Saved data entries:

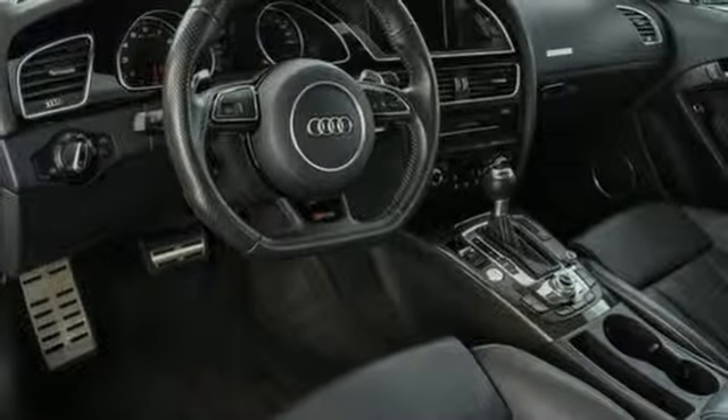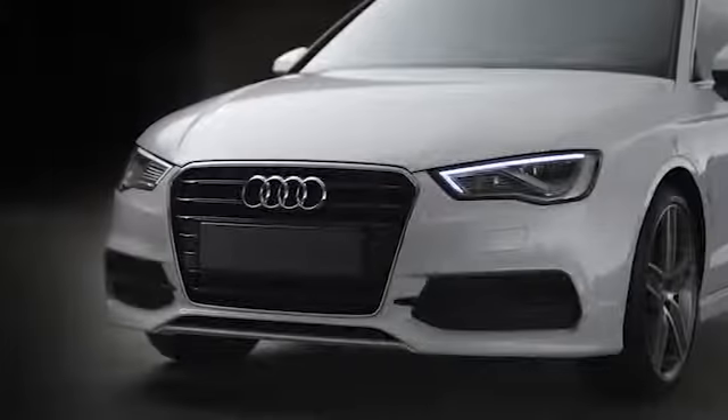Stop in for a test drive and make it yours today. At Audi Atlanta, we prove every day that buying a car can be an enjoyable experience. Contact Audi Atlanta today or stop on by. We're conveniently located at 5805 Peachtree Blvd in Atlanta.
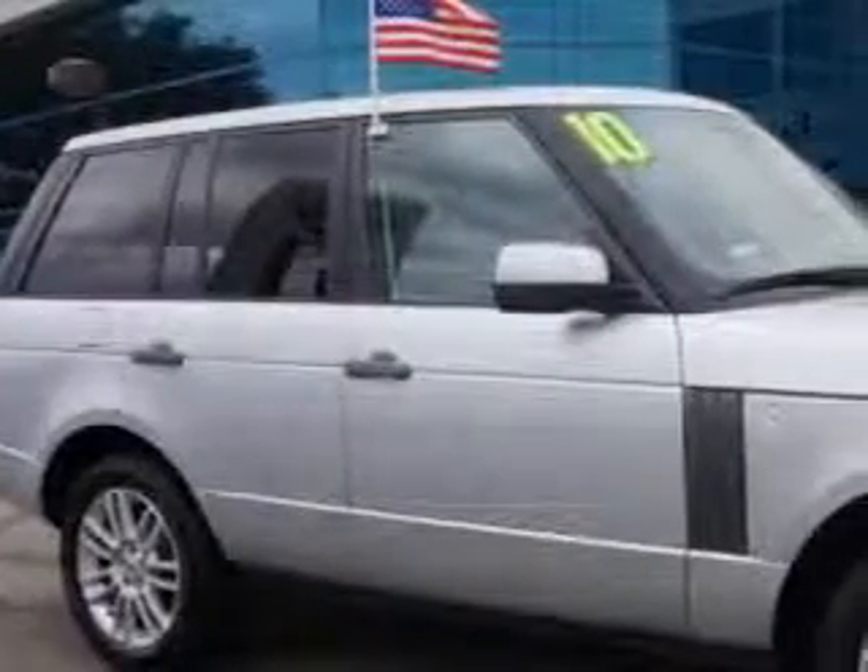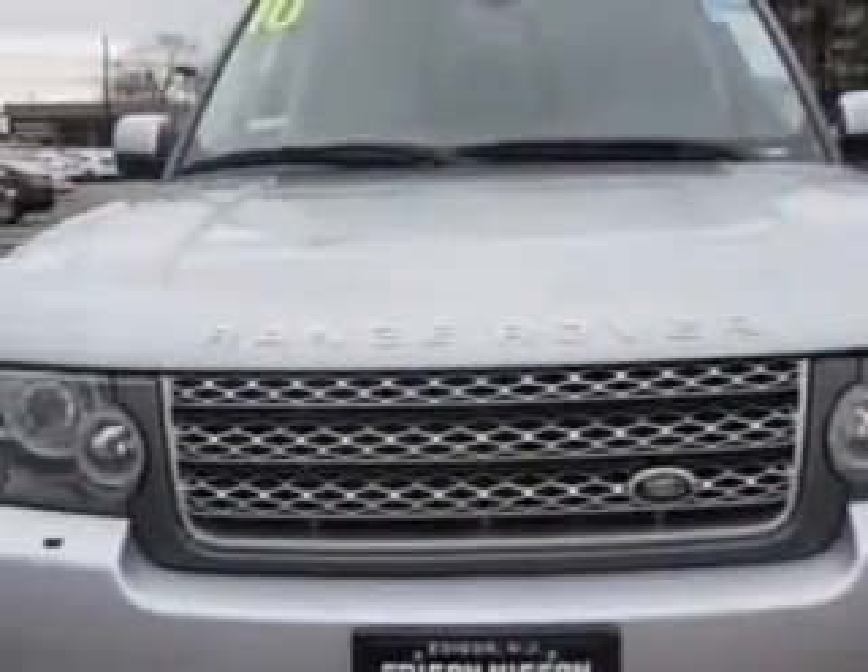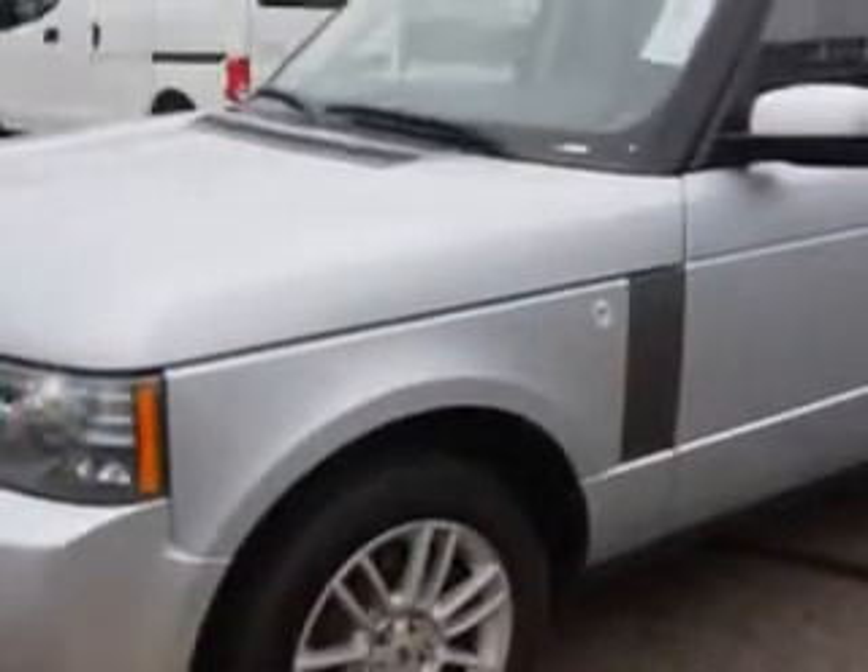Check out the Ceramat Silver 2010 Land Rover Range Rover SUV 4x4, equipped with an 8-cylinder engine and an automatic transmission. Enjoy this great SUV with features like:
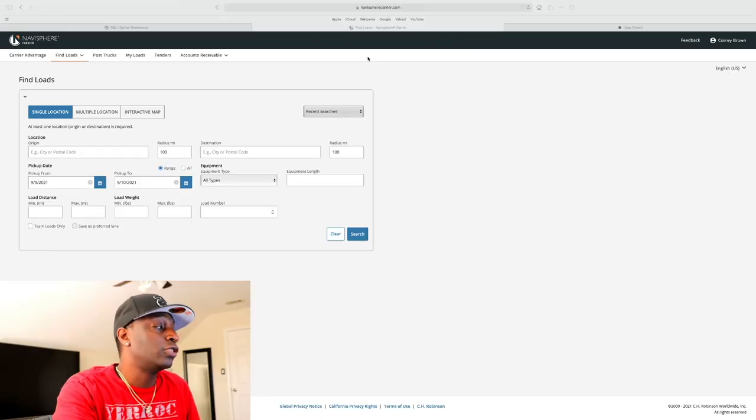Also, I'm looking at these on my computer, but they do have apps so you can definitely do this from your phone. CH Robinson and Uber both have apps — I mostly book all my loads from the app. TQL has an app as well. It's kind of user friendly, so keep that in mind.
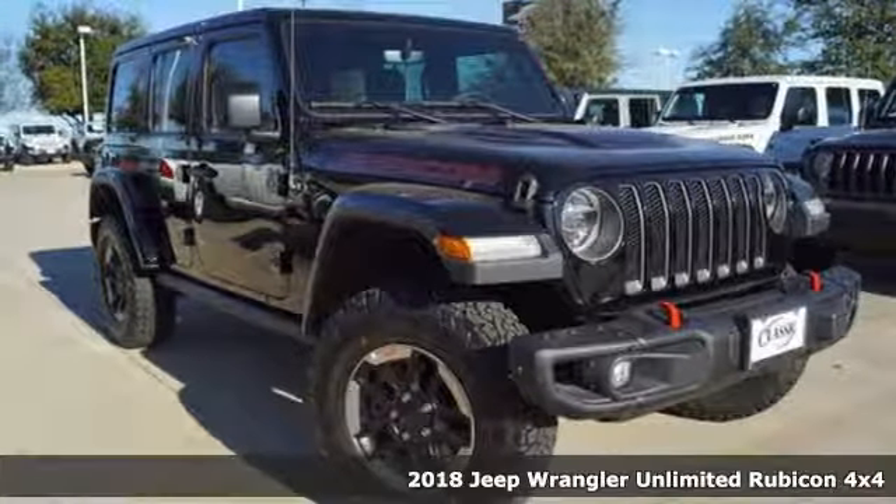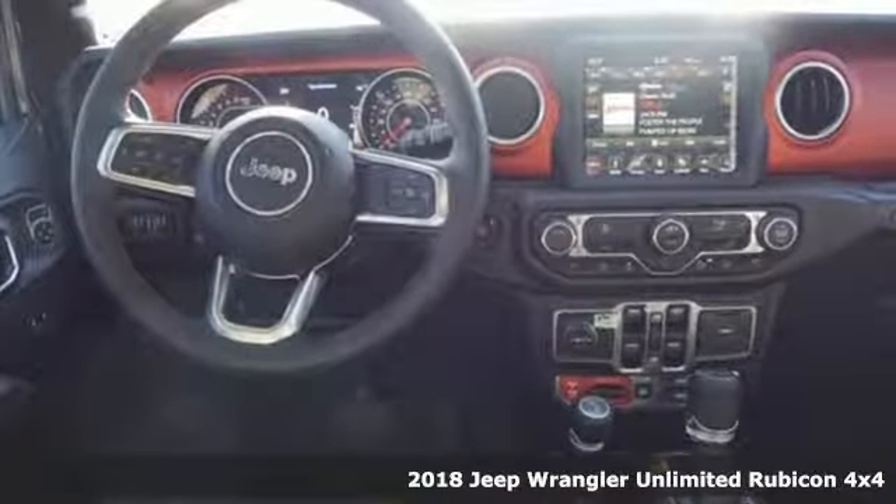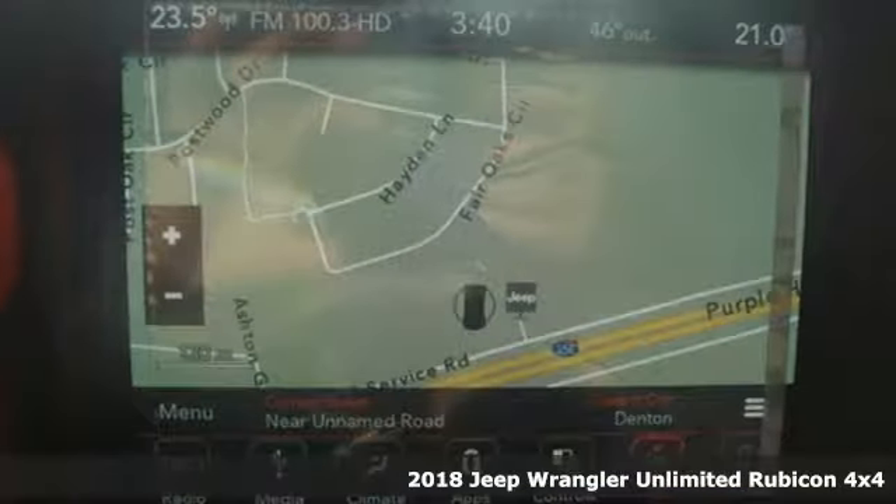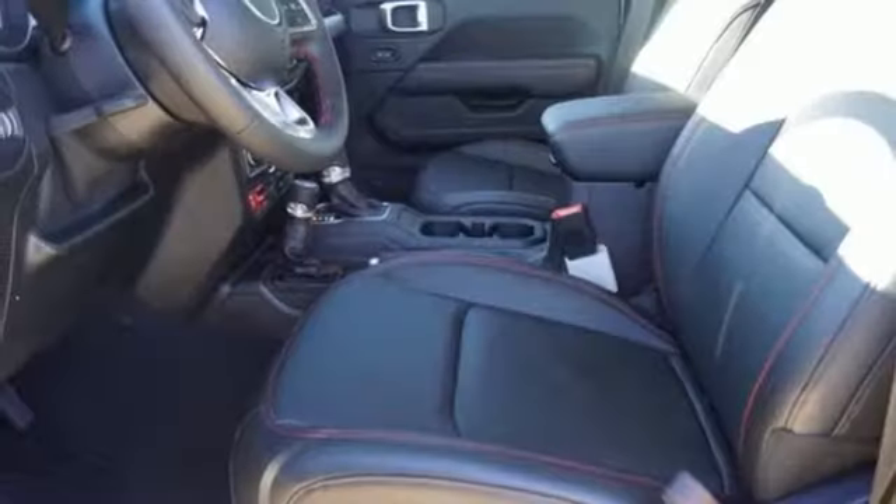Here's a new 2018 Jeep Wrangler Unlimited. The Wrangler is the right balance of style and purpose. And with four doors, it's easy for everyone to join in on the fun.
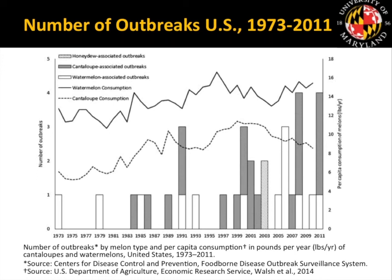Cantaloupe is most implicated — about 56% of outbreaks recorded by the CDC were due to cantaloupe, while honeydew was associated with only two outbreaks. There's also an increase in reported outbreaks over time, likely due to increased consumption but also much better reporting post-mid-1990s and improved surveillance methods for identifying foodborne illness and associating them with specific outbreaks.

### WHAT TO PRODUCE
Give the records again exactly as they stand, so that only the pictures are missing.

### ANSWER SPACE
Stop in for a test drive and make it yours today. At Audi Atlanta, we prove every day that buying a car can be an enjoyable experience. Contact Audi Atlanta today or stop on by. We're conveniently located at 5805 Peachtree Blvd in Atlanta.
Check out the Ceramat Silver 2010 Land Rover Range Rover SUV 4x4, equipped with an 8-cylinder engine and an automatic transmission. Enjoy this great SUV with features like:
Also, I'm looking at these on my computer, but they do have apps so you can definitely do this from your phone. CH Robinson and Uber both have apps — I mostly book all my loads from the app. TQL has an app as well. It's kind of user friendly, so keep that in mind.
Here's a new 2018 Jeep Wrangler Unlimited. The Wrangler is the right balance of style and purpose. And with four doors, it's easy for everyone to join in on the fun.
Cantaloupe is most implicated — about 56% of outbreaks recorded by the CDC were due to cantaloupe, while honeydew was associated with only two outbreaks. There's also an increase in reported outbreaks over time, likely due to increased consumption but also much better reporting post-mid-1990s and improved surveillance methods for identifying foodborne illness and associating them with specific outbreaks.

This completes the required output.